Start of Block
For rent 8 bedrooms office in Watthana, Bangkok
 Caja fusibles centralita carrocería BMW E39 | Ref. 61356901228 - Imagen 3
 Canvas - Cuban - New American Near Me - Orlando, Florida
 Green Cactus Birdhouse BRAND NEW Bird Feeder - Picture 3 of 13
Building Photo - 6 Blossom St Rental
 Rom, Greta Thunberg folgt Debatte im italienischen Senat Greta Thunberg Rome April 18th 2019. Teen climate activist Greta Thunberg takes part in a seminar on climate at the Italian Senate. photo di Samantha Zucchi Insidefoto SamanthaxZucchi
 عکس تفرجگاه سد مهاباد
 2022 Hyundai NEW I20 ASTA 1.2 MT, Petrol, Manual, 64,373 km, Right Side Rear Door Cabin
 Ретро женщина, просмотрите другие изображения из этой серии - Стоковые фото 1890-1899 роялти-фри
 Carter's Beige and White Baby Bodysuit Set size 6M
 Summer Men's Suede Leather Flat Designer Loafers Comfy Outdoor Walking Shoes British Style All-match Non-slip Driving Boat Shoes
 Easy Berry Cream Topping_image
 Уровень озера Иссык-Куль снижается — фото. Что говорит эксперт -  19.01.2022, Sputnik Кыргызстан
End of Block
TASK REQUIREMENTS: Leaving nothing out, print each line above exactly.

FINISHED EXERCISE:
For rent 8 bedrooms office in Watthana, Bangkok
 Caja fusibles centralita carrocería BMW E39 | Ref. 61356901228 - Imagen 3
 Canvas - Cuban - New American Near Me - Orlando, Florida
 Green Cactus Birdhouse BRAND NEW Bird Feeder - Picture 3 of 13
Building Photo - 6 Blossom St Rental
 Rom, Greta Thunberg folgt Debatte im italienischen Senat Greta Thunberg Rome April 18th 2019. Teen climate activist Greta Thunberg takes part in a seminar on climate at the Italian Senate. photo di Samantha Zucchi Insidefoto SamanthaxZucchi
 عکس تفرجگاه سد مهاباد
 2022 Hyundai NEW I20 ASTA 1.2 MT, Petrol, Manual, 64,373 km, Right Side Rear Door Cabin
 Ретро женщина, просмотрите другие изображения из этой серии - Стоковые фото 1890-1899 роялти-фри
 Carter's Beige and White Baby Bodysuit Set size 6M
 Summer Men's Suede Leather Flat Designer Loafers Comfy Outdoor Walking Shoes British Style All-match Non-slip Driving Boat Shoes
 Easy Berry Cream Topping_image
 Уровень озера Иссык-Куль снижается — фото. Что говорит эксперт -  19.01.2022, Sputnik Кыргызстан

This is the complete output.